Türkiye Büyük Millet Meclisi’nin açılışıyla birlikte eline ilk aldığı kağıt Suriye ve Irak ile ilgili tezkere oldu. Muhalefetin klasik muhalefet faaliyeti çerçevesinde karşı çıktığı tezkere, Ak Parti ve MHP oylarıyla kabul edildi. Batı ülkeleri tezkerenin kabul edilmesiyle derin bir nefes aldılar.
Fransız, İngiliz ve ABD gazetelerine bakıldığı zaman Türkiye savaşa girmek için kolları sıvadı. Batı basınındaki algı bu yönde. Batılı ülkeler tezkereyi savaş ilanı olarak görmeyi tercih etti.
Le Monde gazetesindeki “Ankara, Kobani’nin düşmesini engellemek için her şeyi yapma sözü verdi” başlıklı haberde Türkiye’yi ön cepheye iten, geride duran Batılılara da “Az derin nefes alın” diyen bir işgüzarlığın ipuçları gizli.

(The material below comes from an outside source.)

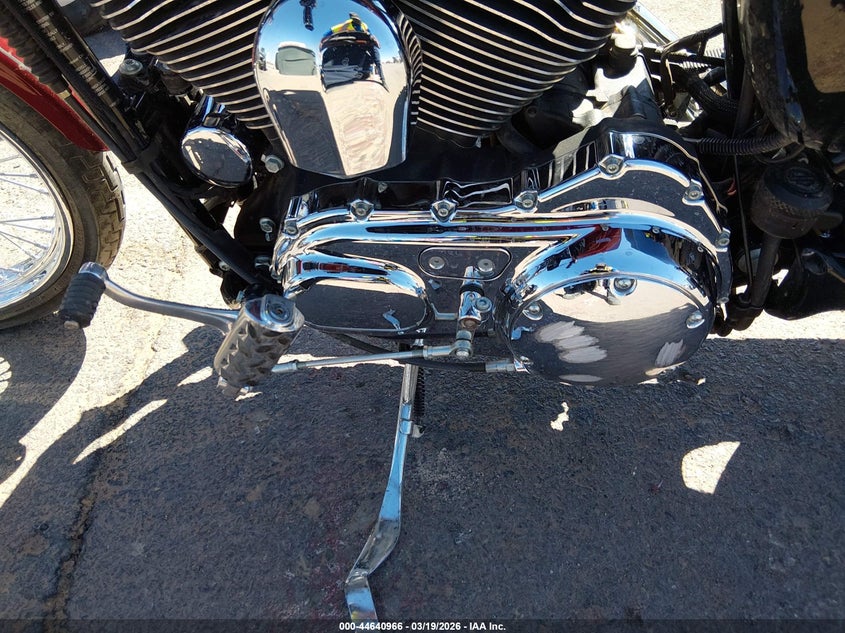 2006 Harley-Davidson Xl1200 C VIN: 1HD1CGP196K460269 Lot: 44640966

Batı, eski adı Irak Şam İslam Devleti olan ve adını İslam Devleti olarak değiştiren örgütten son derece rahatsız ancak elini taşın altına koymak istemiyor. Ankara’yı önce IŞİD’e destek suçlamasıyla köşeye sıkıştıran ülkeler, tezkereden sonra Türkiye’yi ön sıralara doğru itiyor.
49 konsolosluk görevlisinin serbest bırakıldığı gün, CNN International kanalında gün boyu “Neden bırakıldılar” sorusunu yineleyen bir yaklaşım, attığı bütün iftiraları unutmuş görünüyor.
İran rahatsızlığını ifade ederken, Washington tezkereden duyduğu memnuniyeti duyurdu.
İran Dışişleri Bakanı Cevad Zarif, Dışişleri Bakanı Mevlut Çavuşoğlu’nu arayarak ülkesinin rahatsızlığının dile getirdi.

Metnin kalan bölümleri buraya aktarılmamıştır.